* _TASK STATEMENT_
Begin with the line below holding "Welcome to Pickleball" and go on through the line holding "You can find", duplicating each line exactly and leaving out pictures.

* _TASK INPUT_
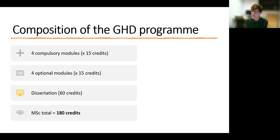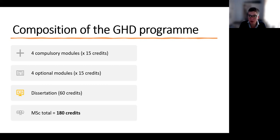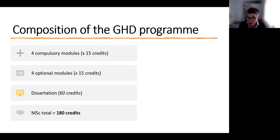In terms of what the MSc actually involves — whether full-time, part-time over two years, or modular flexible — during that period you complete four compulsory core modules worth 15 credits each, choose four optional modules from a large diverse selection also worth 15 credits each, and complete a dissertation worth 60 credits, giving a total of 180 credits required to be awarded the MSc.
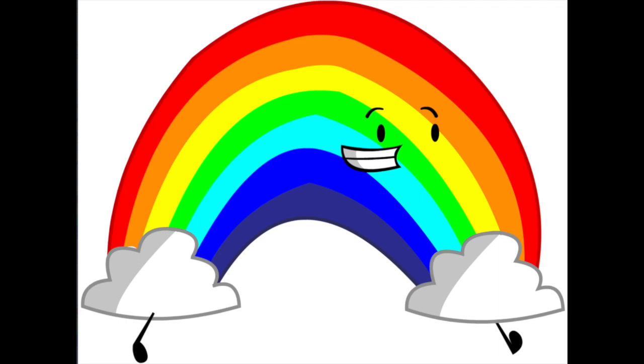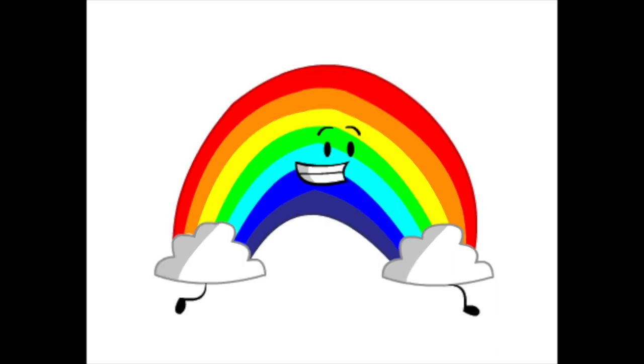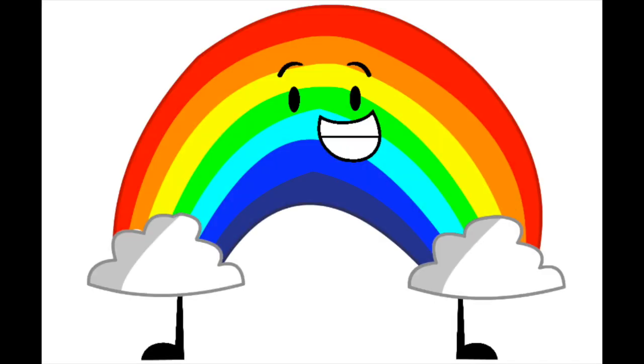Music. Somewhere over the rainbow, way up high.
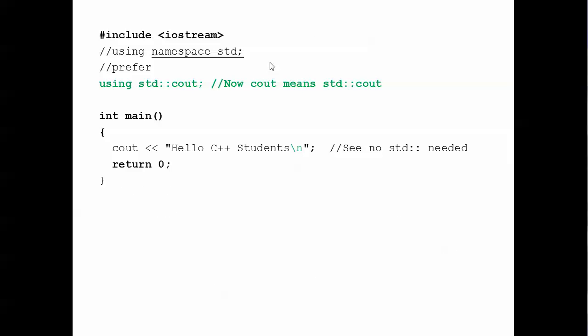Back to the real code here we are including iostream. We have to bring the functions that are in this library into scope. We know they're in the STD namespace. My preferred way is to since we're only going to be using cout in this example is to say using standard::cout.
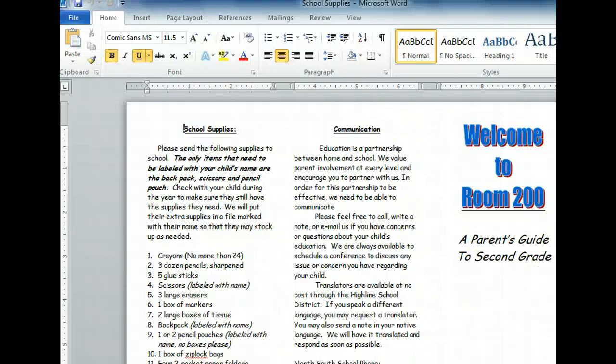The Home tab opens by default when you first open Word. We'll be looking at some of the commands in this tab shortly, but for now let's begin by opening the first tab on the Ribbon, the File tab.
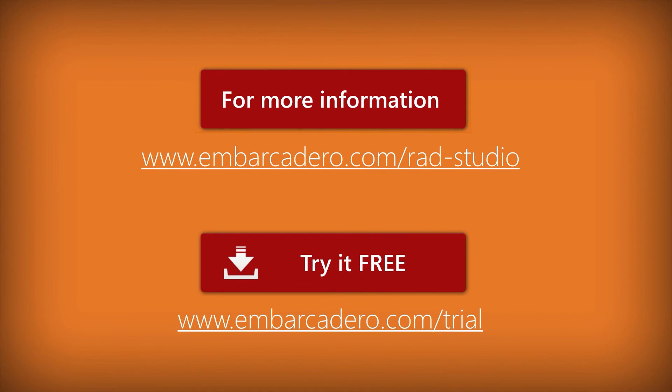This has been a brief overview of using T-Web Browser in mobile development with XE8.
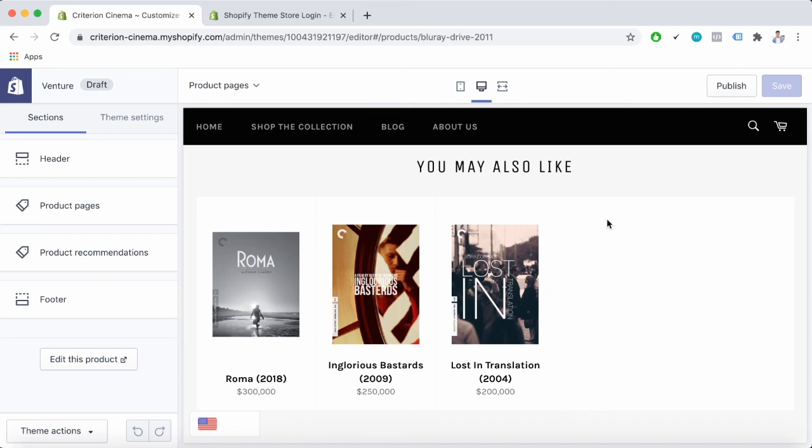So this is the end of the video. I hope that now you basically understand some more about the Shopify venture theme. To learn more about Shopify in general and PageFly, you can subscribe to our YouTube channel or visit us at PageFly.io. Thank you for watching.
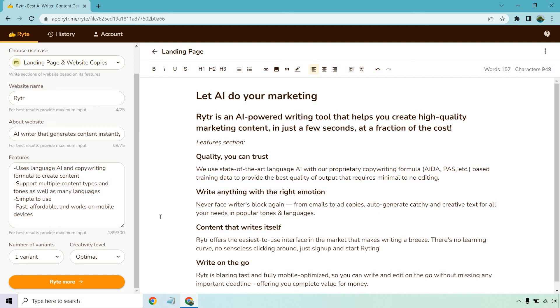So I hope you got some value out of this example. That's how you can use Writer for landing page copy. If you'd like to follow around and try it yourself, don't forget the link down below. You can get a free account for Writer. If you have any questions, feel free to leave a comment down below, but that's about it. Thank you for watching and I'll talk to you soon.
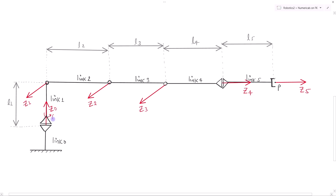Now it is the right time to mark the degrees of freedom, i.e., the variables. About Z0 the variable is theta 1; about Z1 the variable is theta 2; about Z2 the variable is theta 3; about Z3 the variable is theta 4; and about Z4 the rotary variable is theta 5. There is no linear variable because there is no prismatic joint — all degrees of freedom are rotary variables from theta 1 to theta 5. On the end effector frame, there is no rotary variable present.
==
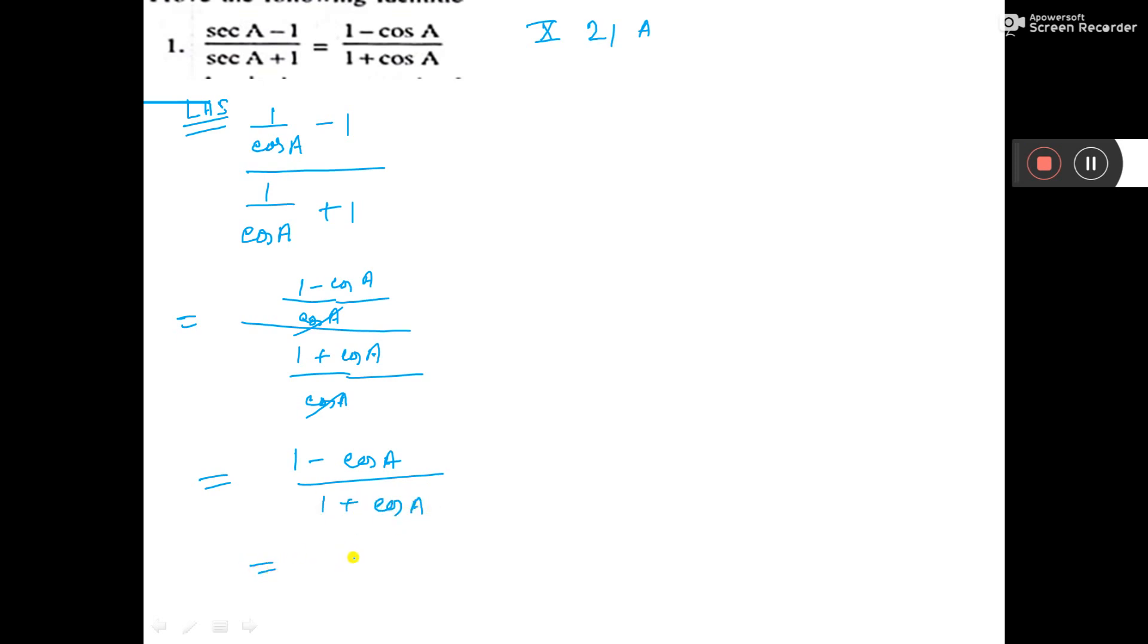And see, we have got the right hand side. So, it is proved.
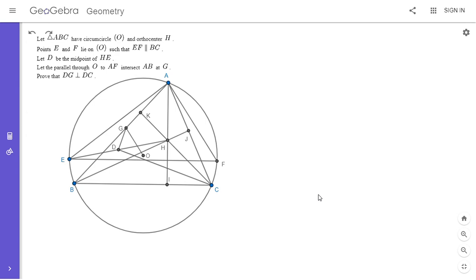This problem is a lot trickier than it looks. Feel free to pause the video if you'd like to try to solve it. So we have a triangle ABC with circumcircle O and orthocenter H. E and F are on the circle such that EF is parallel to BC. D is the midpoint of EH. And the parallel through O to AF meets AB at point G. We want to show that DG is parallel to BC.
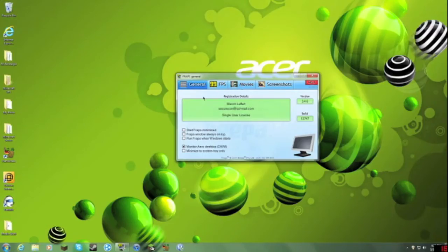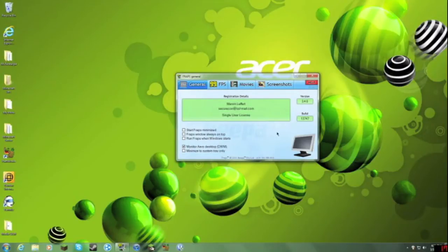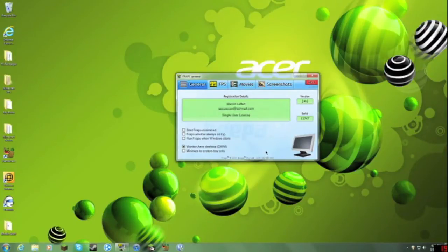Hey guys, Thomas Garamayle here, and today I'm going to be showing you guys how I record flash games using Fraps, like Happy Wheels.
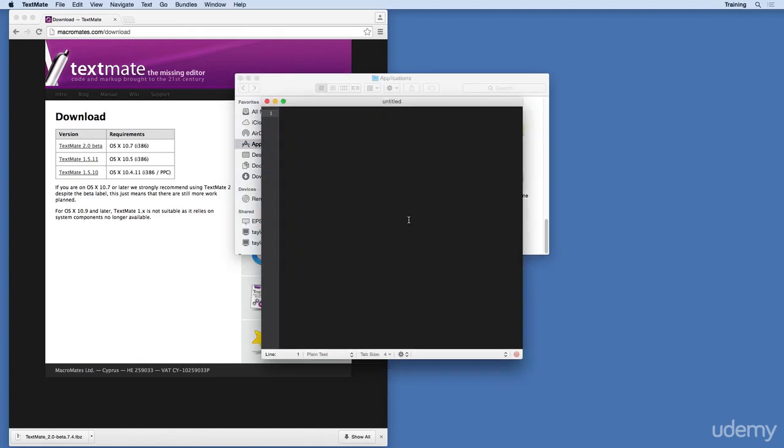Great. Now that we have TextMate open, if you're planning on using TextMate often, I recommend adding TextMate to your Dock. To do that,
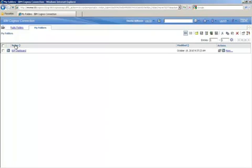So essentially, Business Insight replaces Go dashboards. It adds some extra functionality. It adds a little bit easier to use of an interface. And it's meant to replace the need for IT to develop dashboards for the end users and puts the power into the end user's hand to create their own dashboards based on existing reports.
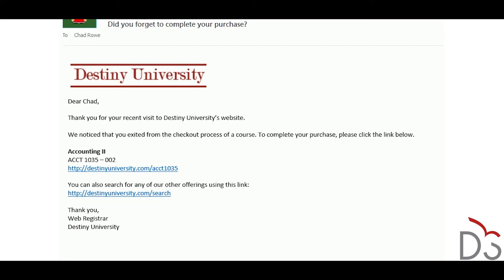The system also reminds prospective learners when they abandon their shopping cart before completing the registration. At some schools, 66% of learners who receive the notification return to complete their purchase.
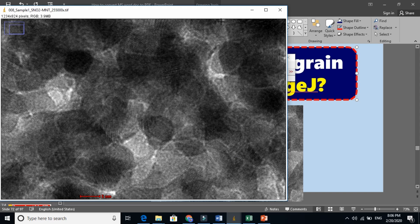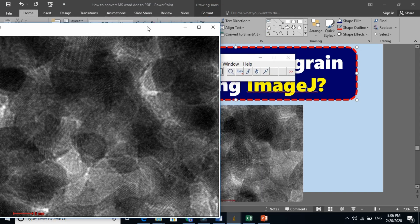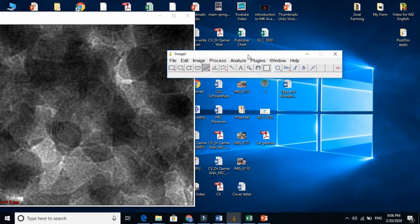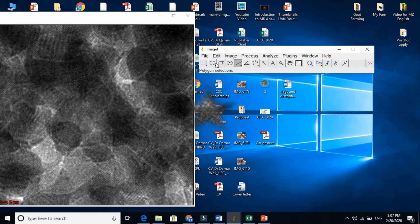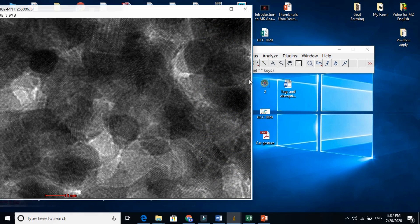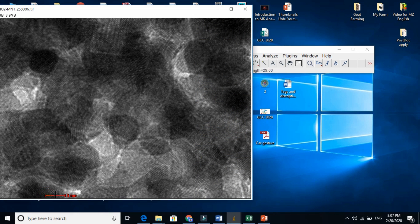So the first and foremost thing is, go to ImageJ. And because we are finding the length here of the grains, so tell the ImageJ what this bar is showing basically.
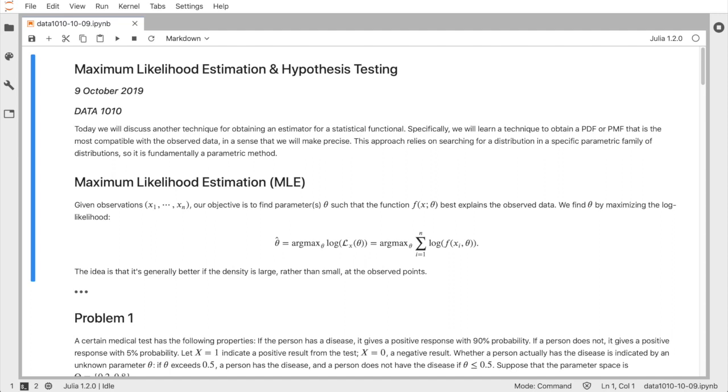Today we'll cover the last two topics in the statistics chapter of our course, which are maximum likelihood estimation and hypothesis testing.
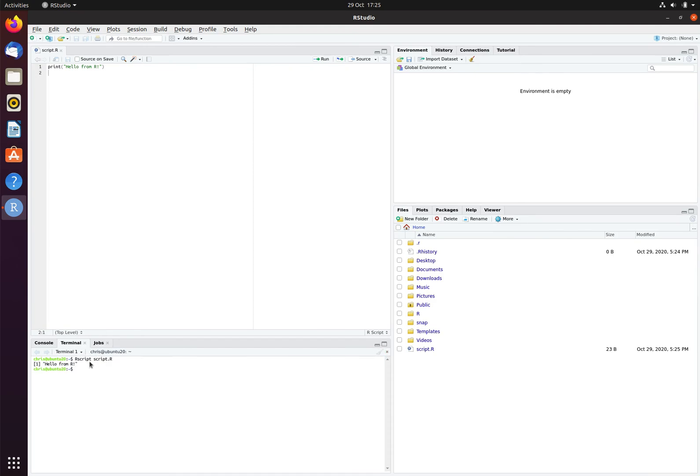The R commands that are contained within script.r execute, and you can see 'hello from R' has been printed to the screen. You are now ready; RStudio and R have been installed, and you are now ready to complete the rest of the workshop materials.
...
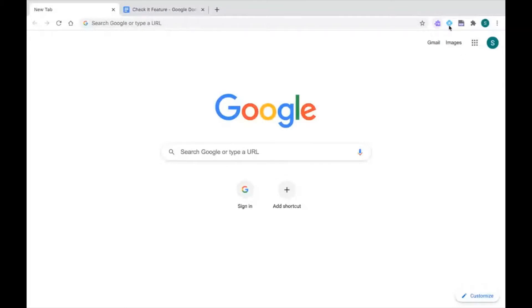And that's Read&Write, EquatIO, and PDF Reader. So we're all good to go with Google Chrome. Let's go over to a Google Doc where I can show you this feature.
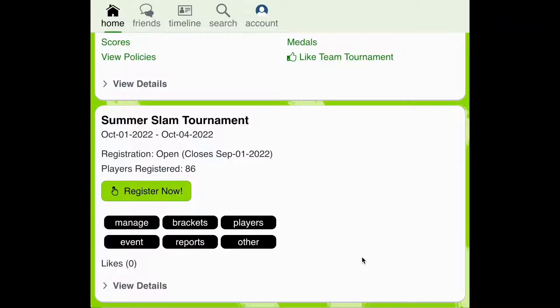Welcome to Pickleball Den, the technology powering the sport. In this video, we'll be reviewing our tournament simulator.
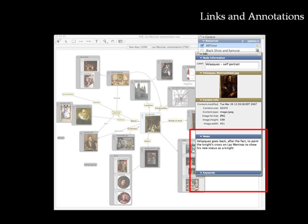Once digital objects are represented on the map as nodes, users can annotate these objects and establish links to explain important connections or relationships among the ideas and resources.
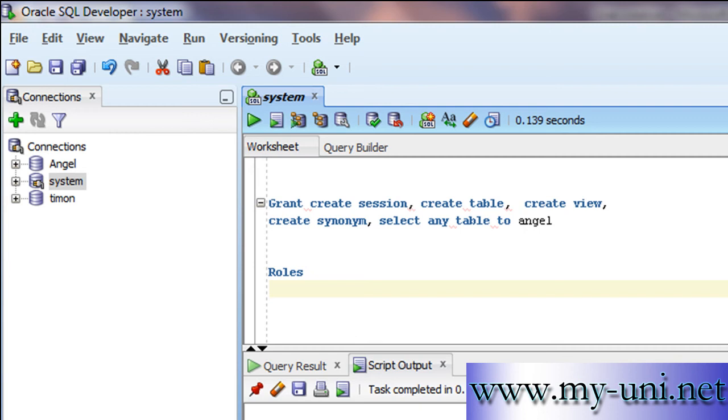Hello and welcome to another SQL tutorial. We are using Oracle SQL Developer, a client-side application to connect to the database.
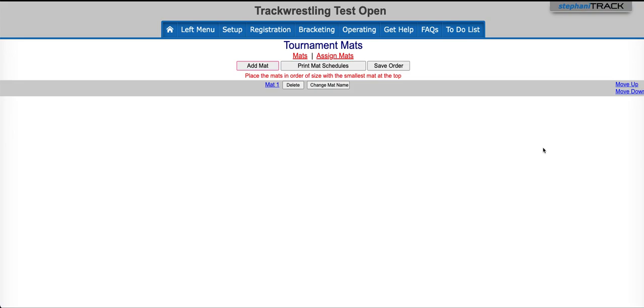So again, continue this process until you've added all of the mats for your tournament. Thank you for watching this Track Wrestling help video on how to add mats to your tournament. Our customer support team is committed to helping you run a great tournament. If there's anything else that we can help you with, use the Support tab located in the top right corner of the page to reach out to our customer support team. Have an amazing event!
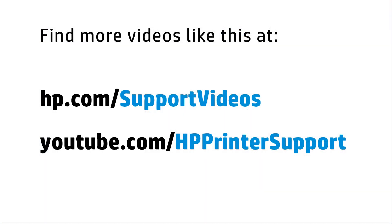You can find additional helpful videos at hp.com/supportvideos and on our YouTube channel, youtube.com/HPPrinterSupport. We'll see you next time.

* _TASK RESPONSE_
Welcome to Pickleball Den, the technology powering the sport. In this video, we'll be reviewing our tournament simulator.
Once digital objects are represented on the map as nodes, users can annotate these objects and establish links to explain important connections or relationships among the ideas and resources.
Hello and welcome to another SQL tutorial. We are using Oracle SQL Developer, a client-side application to connect to the database.
So again, continue this process until you've added all of the mats for your tournament. Thank you for watching this Track Wrestling help video on how to add mats to your tournament. Our customer support team is committed to helping you run a great tournament. If there's anything else that we can help you with, use the Support tab located in the top right corner of the page to reach out to our customer support team. Have an amazing event!
You can find additional helpful videos at hp.com/supportvideos and on our YouTube channel, youtube.com/HPPrinterSupport. We'll see you next time.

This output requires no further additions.